# Implementation of Hintons forward forward algorithm

In [45]:
student_id =  99105901
student_name = 'Amirhossein Akbari'

print("your student id:", student_id)
print("your name:", student_name)

your student id: 99105901
your name: Amirhossein Akbari


## Supervised fully connected network with pytorch

### Importing Dependencies

In [46]:
import matplotlib.pyplot as plt
import torch
import torch.nn as nn
from tqdm import tqdm
from torch.optim import Adam
from torchvision.datasets import MNIST
from torchvision.transforms import Compose, ToTensor, Normalize, Lambda, GaussianBlur
from torch.utils.data import DataLoader

### Functions to generate negative and positive data from dataset

In [47]:
def generate_positive(x, y):

    overlayed = x.clone()
    overlayed[:, :10] *= 0.0
    overlayed[range(x.shape[0]), y] = 1

    return overlayed


def generate_negative(x, y):

    y_neg = (y + torch.randint_like(y, 8) + 1) % 10

    overlayed = x.clone()
    overlayed[:, :10] *= 0.0
    overlayed[range(x.shape[0]), y_neg] = 1

    return overlayed

### Defining Layer and Network object implemented from nn.Linear layer and nn.Module network

With respect to repo. of Mohammad pezeshki and code as needed. I updated the model and added option to add layers and train them.

The Loss can meet the necessary conditions for goodness, if we write Cross Entropy Loss of layer assuming that we have equal number of neg. and pos. data; $ P(positive) = P(negative) $ , we can show that its equal to the defined loss in the question:
$$ Loss = -p\log{(\sigma(\sum_{j}^{} y_{pos_j}^2 - threshold))}-(1-p)\log{(\sigma(\sum_{j}^{} y_{neg_j}^2 - threshold))} $$
$$  = 0.5(\log{(1+e^{-(\sum_{j}^{} y_{pos_j}^2 - threshold)})}+\log{(1+e^{-(\sum_{j}^{} y_{neg_j}^2 - threshold)})}) $$
$$  = mean[\log{(1+e^{-(\sum_{j}^{} y_{pos_j}^2 - threshold)})},\log{(1+e^{-(\sum_{j}^{} y_{neg_j}^2 - threshold)})}] $$

In [48]:
class FFLayer(nn.Linear):

    def __init__(self, in_features, out_features,
                 bias=True, device=None, dtype=None, th=2):

        super().__init__(in_features, out_features, bias, device, dtype)
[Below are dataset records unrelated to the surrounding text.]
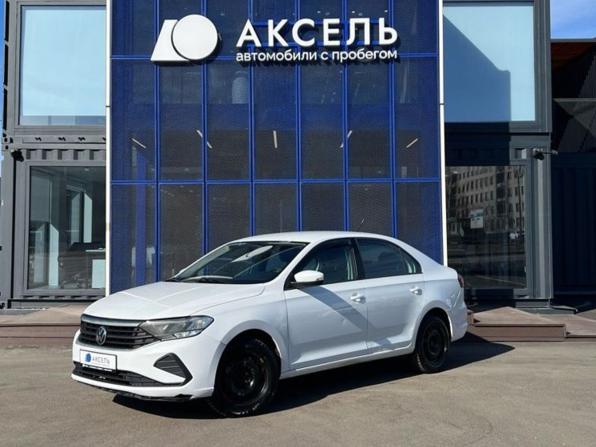 Volkswagen Polo VI с пробегом 2020 года, цена 649 000 рублей, 283977 км, лифтбек, Автокод Объявления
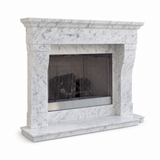 Chateau in 72 Bianco Carrara Marble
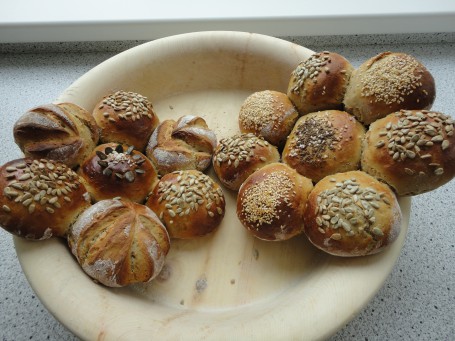 Buttermilchbrot -  (Foto: Gschößer/TBO Tiroler Bäuerinnenorganisation - Nicht zur freien Verwendung)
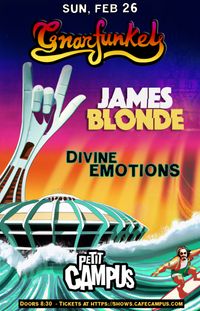 James Blonde & Gnarfunkel in Montreal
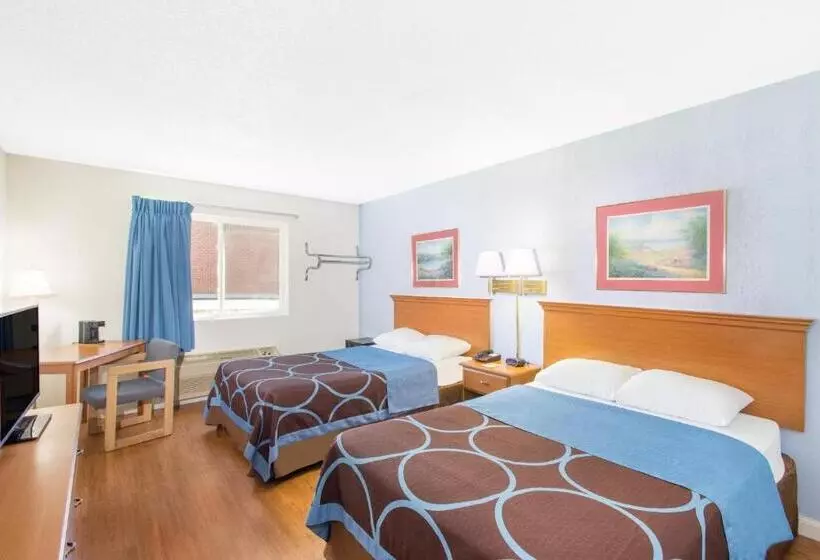 Hotelli Super 8 By Wyndham Webster/rochester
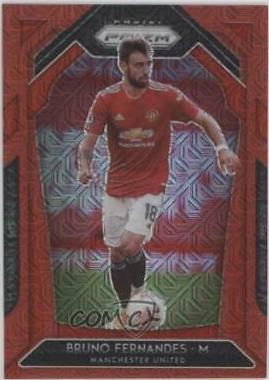 Bruno Fernandes [Red Mojo Prizm] #12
        self.relu = torch.nn.ReLU()
        self.opt = Adam(self.parameters(), lr=0.03)
        self.threshold = th

    def forward(self, x):
        return self.relu(torch.mm(x / (x.norm(2, 1, keepdim=True) + 1e-6), self.weight.T) + self.bias.unsqueeze(0)) # Forward with normalization L2

    def train(self, x_pos, x_neg, num_epochs):

        for _ in tqdm(range(num_epochs)):

            gp = self.forward(x_pos).pow(2).mean(1)
            gn = self.forward(x_neg).pow(2).mean(1)

            loss = torch.log(1 + torch.exp(torch.cat([-gp + self.threshold, gn - self.threshold]))).mean()

            self.opt.zero_grad()
            loss.backward()
            self.opt.step()

        return self.forward(x_pos).detach(), self.forward(x_neg).detach()


class FFNet(torch.nn.Module):

    def __init__(self, dims, use_cuda=False):
        super().__init__()
        
        self.dims = dims
        self.using_cuda = use_cuda
        self.layers = [FFLayer(dims[d], dims[d + 1]) for d in range(len(dims) - 1)]
        if use_cuda:
            self.layers = [l.cuda() for l in self.layers]


    def add_layer(self, dim: int):
        self.layers += [FFLayer(self.dims[-1], dim)]
        self.dims += [dim]
        if self.using_cuda:
            self.layers[-1] = self.layers[-1].cuda()

    def predict(self, x):

        g = []
        for label in range(10):
            h = generate_positive(x, label)             # Assuming the label is positive to see the neural activity
            goodness = []

            for l in self.layers:
                h = l.forward(h)
                goodness += [h.pow(2).mean(1)]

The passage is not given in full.